Filmés avec un jerricane
La manifestation avait eu lieu le 18 juin 2003 au lendemain d'un vaste coup de filet au siège de l'OMPI à Auvers-sur-Oise (Val-d'Oise) qui s'était notamment traduit par le placement en garde à vue à la DST de Maryam Radjavi, la présidente du Conseil national de la résistance iranienne - vitrine de l'OMPI. L'opération policière avait été considérée par les opposants iraniens comme un signe d'allégeance de Paris à Téhéran.
A proximité des lieux de la manifestation, dans le XVe arrondissement, MM. Aalami et Amini Gholipour avaient été filmés dans une station-service en train d'acheter un jerrican vide puis de l'essence. D'après l'accusation, ils auraient ensuite remis le bidon à Sedighe Modjarevi, la victime, ce qu'ils ont nié en affirmant qu'ils dépannaient le véhicule en panne d'un autre Iranien. Initialement, M. Amini Gholipour était également soupçonné d'avoir empêché des policiers d'intervenir au moment où Mme Modjarevi brûlait au milieu de la chaussée. Mais sur ce point l'ordonnance de non-lieu du magistrat instructeur a été confirmée en appel.
"Plutôt mourir que d'être expulsées vers l'Iran"

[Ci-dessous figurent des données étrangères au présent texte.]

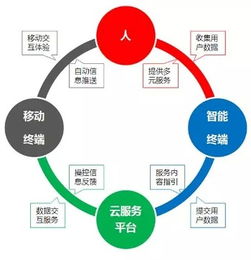中怡康 互聯(lián)網(wǎng) 時(shí)代智能家電行業(yè)展望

Lors de l'audience devant la 16e chambre correctionnelle, l'avocat des deux prévenus, Me Joseph Cohen-Sabban, devrait plaider la nullité des poursuites, estimant qu'il n'y a pas eu incitation au suicide. Les deux personnes, qui ont survécu à leur immolation le 18 juin 2003, devraient témoigner à l'audience que personne n'a décidé à leur place de ce geste et qu'elles "préfèrent mourir comme ça plutôt que d'être expulsées vers l'Iran", a ajouté Me Cohen-Sabban.

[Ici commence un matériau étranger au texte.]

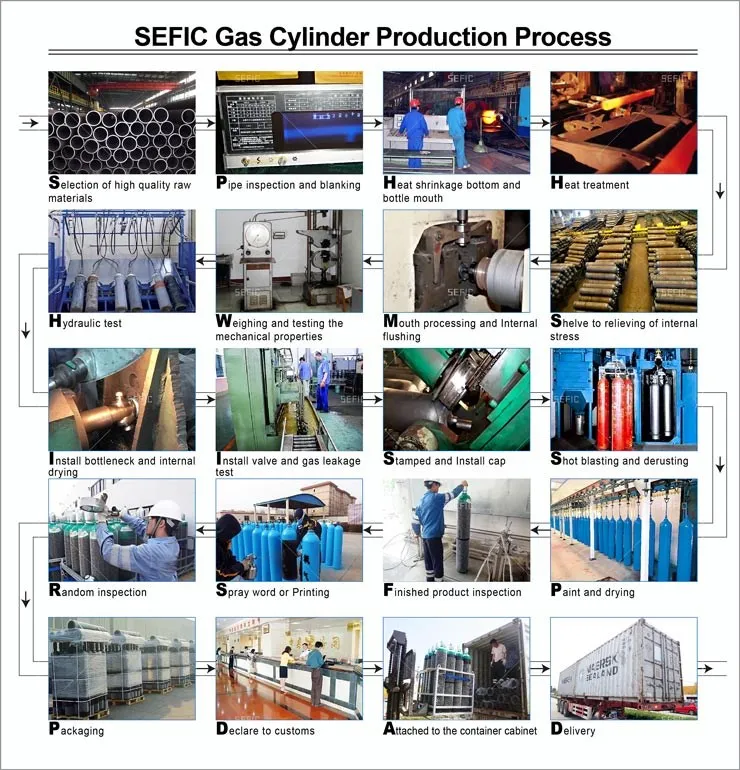 gas-cylinder-process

L'avocat a précisé avoir également fait citer comme témoins Yves Bonnet, ex-patron de la DST (1982-85), et Alain Vivien, ancien secrétaire d'Etat socialiste qui milite pour que l'OMPI ne soit plus considérée comme une organisation terroriste. Elle l'est actuellement à la fois selon les critères de l'Union européenne et des Etats-Unis.